Problem to solve: Return exactly, with nothing added, the lines from the one that contains "Polo de manga" through the end of the listing below, pictures excluded.

─── Data ───

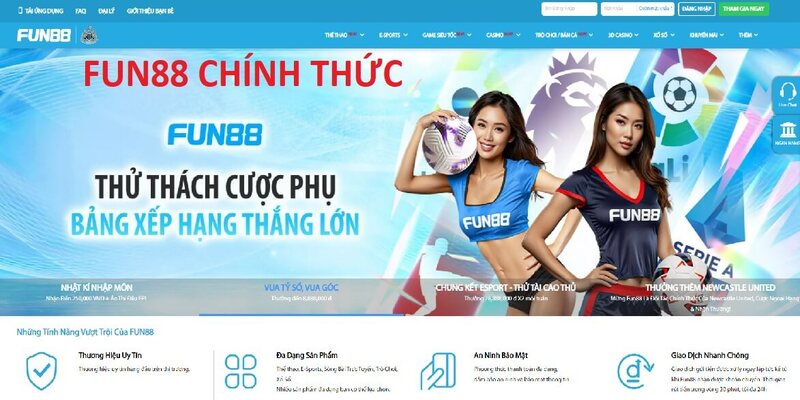 giao diện fun88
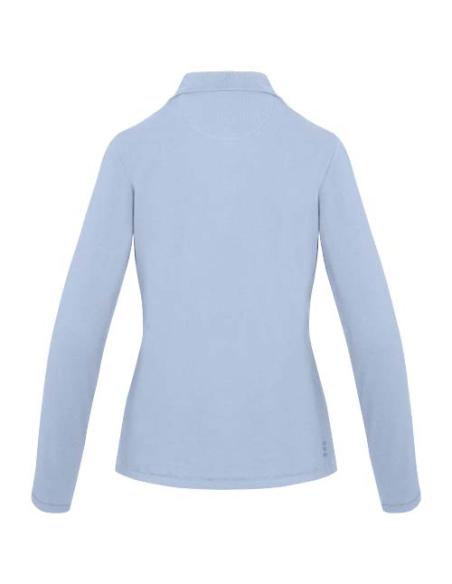 Polo de manga larga para mujer de 180 g/m² Calgary N00578083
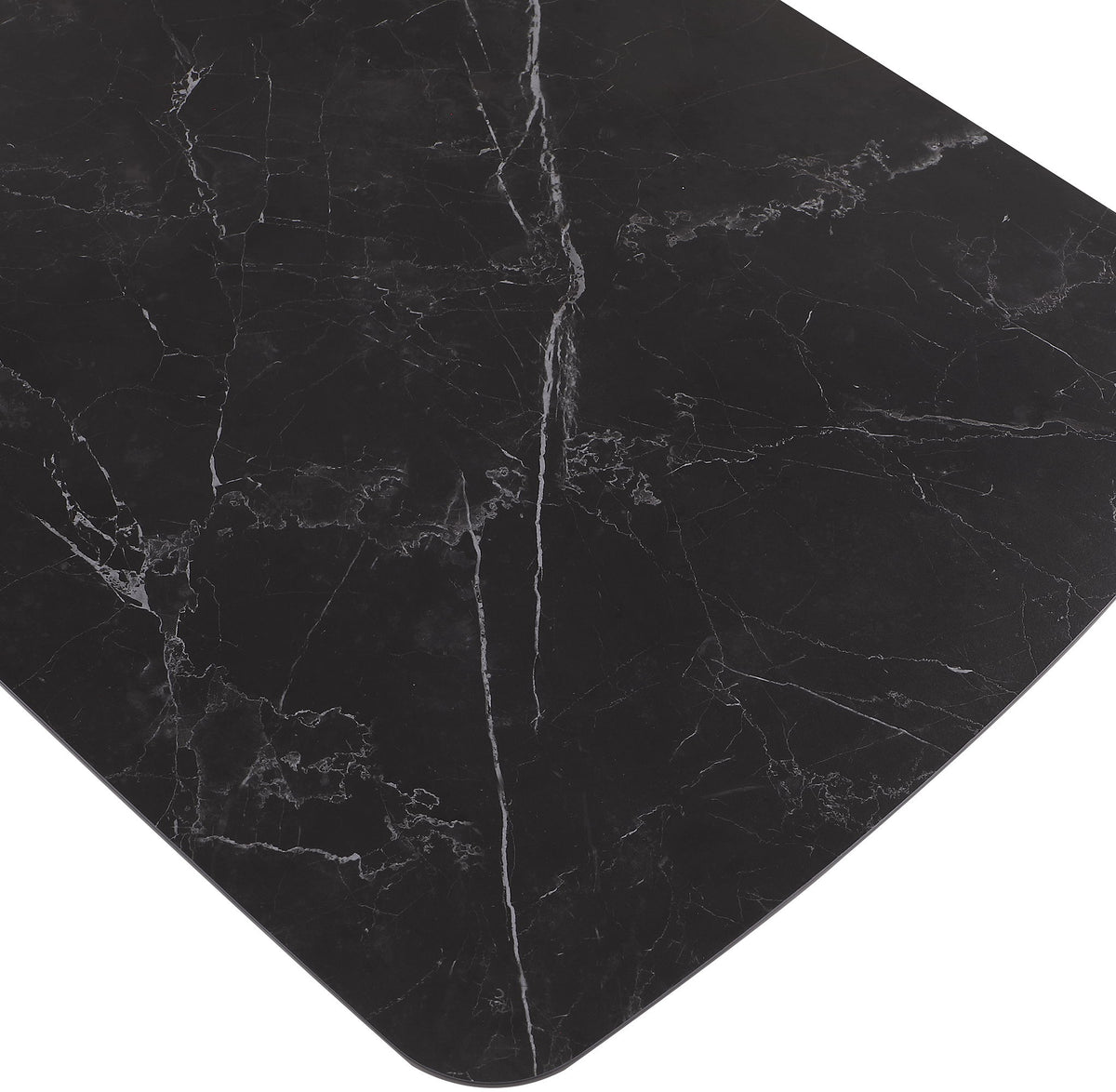 Niya - Dining Table - Black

───

Solution to this exercise:
 Polo de manga larga para mujer de 180 g/m² Calgary N00578083
 Niya - Dining Table - Black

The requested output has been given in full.